===== PROVIDED ENTRIES =====
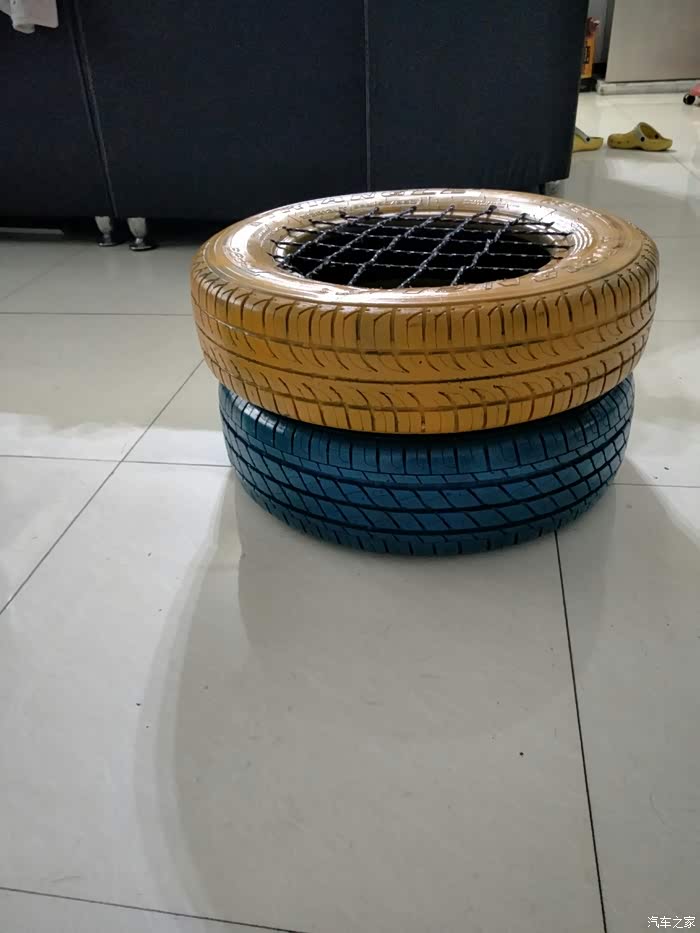 废旧轮胎在利用凳子坐着很舒服嘿嘿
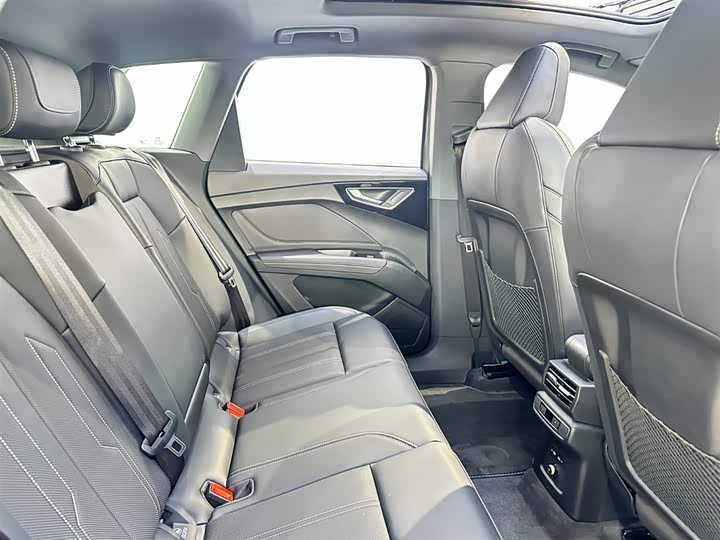 Фото 7 - Audi Q4 e-tron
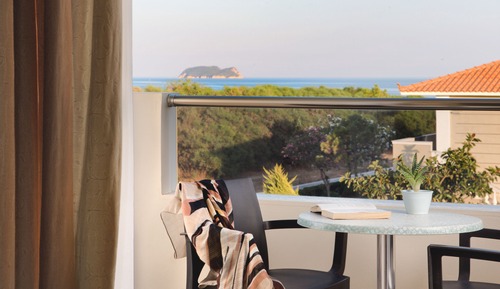 Family Room, Sea View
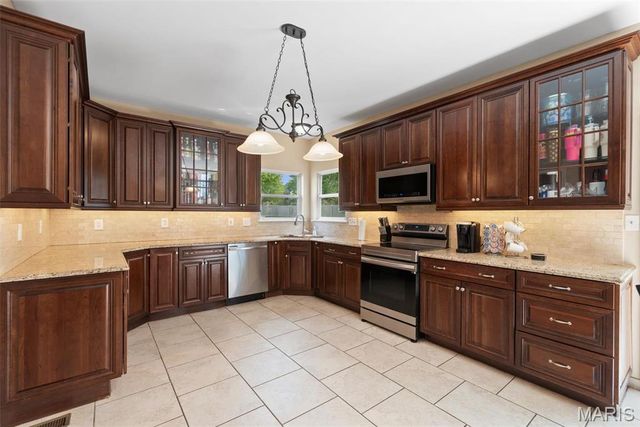1325 Auburn Hills Drive, St Charles, MO 63304
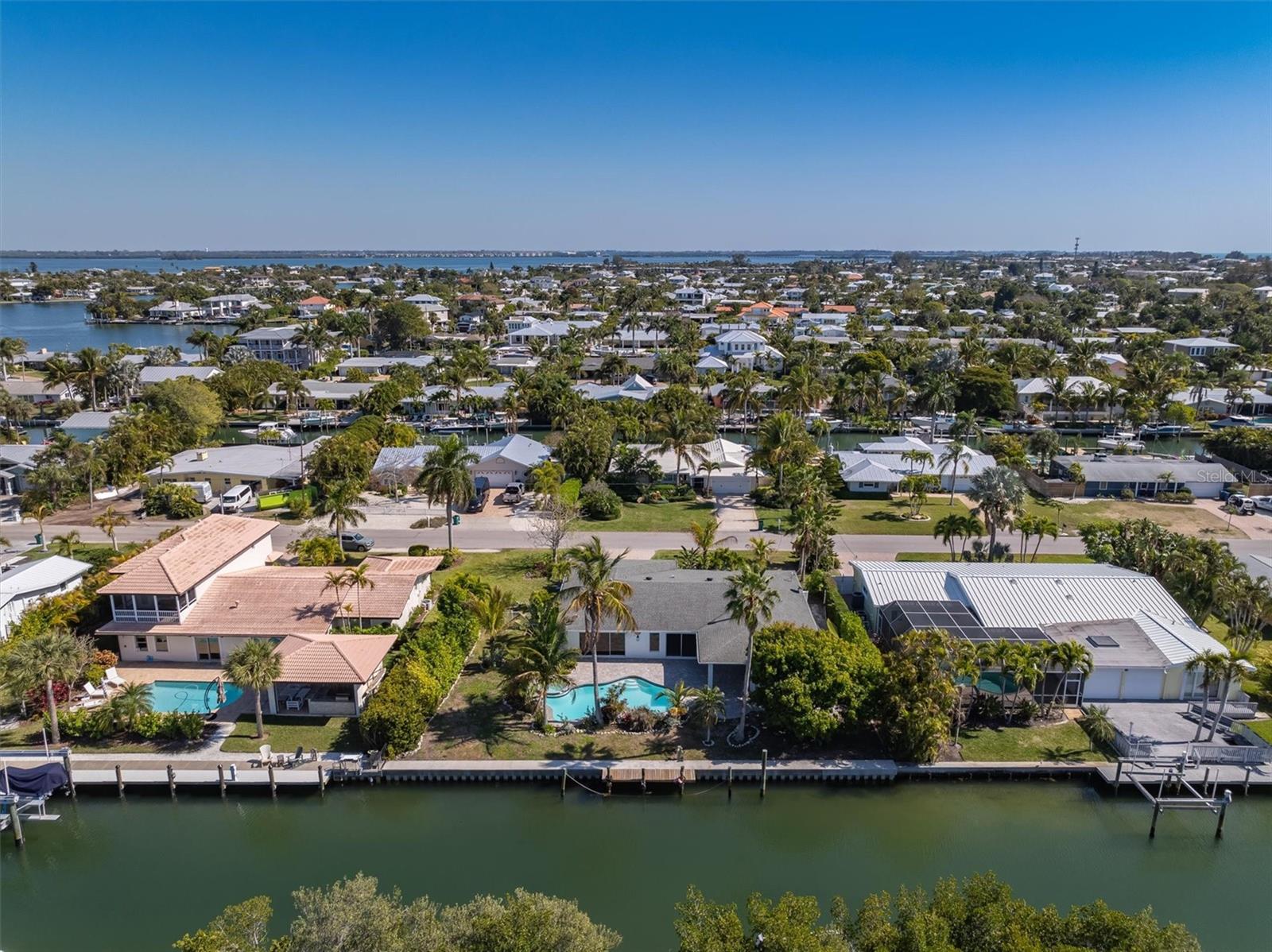 BAY PALMS - Residential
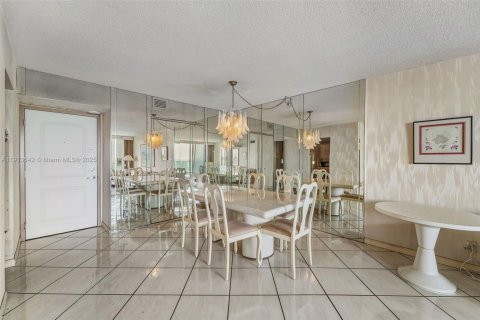Condo in Sunny Isles Beach, Florida, 2 bedrooms  № 1971738 - photo 15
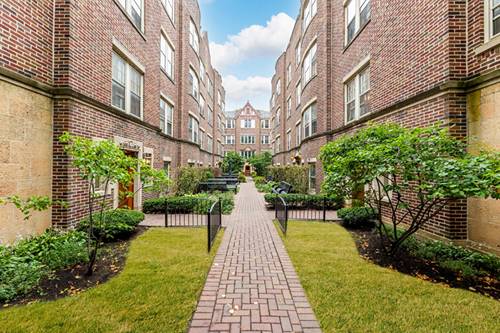 1120 Washington Unit 3B, Oak Park, IL 60302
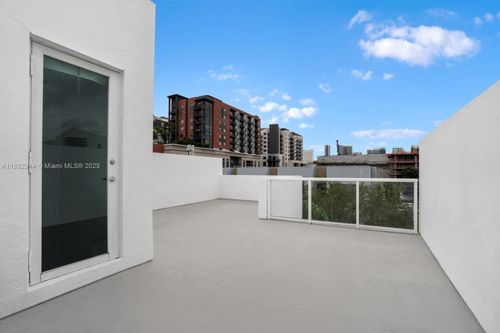 315-315 Ne 7 St, Fort Lauderdale, FL, 33304 | Card Image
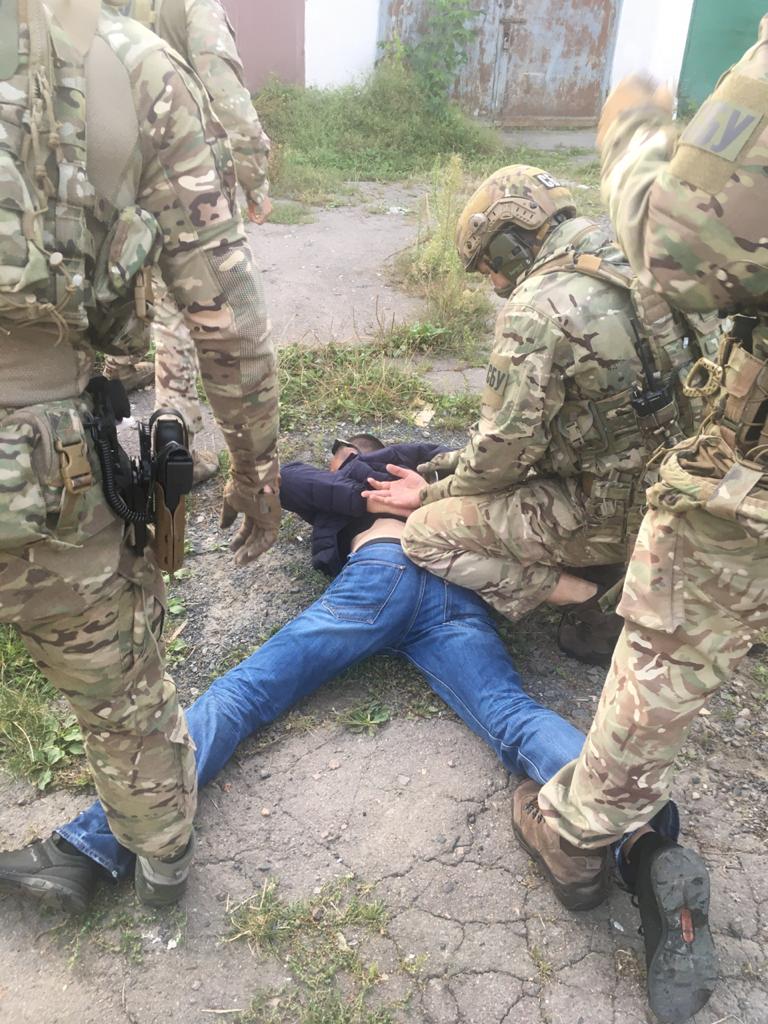 Контррозвідка СБУ затримала агента ФСБ РФ під час спроби вчинення диверсії на Рівненщині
=====
- THE PROBLEM
Where a line contains "BAY PALMS - Residential", begin there and transcribe every line through the last one of the records above, exactly and with no pictures.

- EXERCISE SOLUTION
 BAY PALMS - Residential
Condo in Sunny Isles Beach, Florida, 2 bedrooms  № 1971738 - photo 15
 1120 Washington Unit 3B, Oak Park, IL 60302
 315-315 Ne 7 St, Fort Lauderdale, FL, 33304 | Card Image
 Контррозвідка СБУ затримала агента ФСБ РФ під час спроби вчинення диверсії на Рівненщині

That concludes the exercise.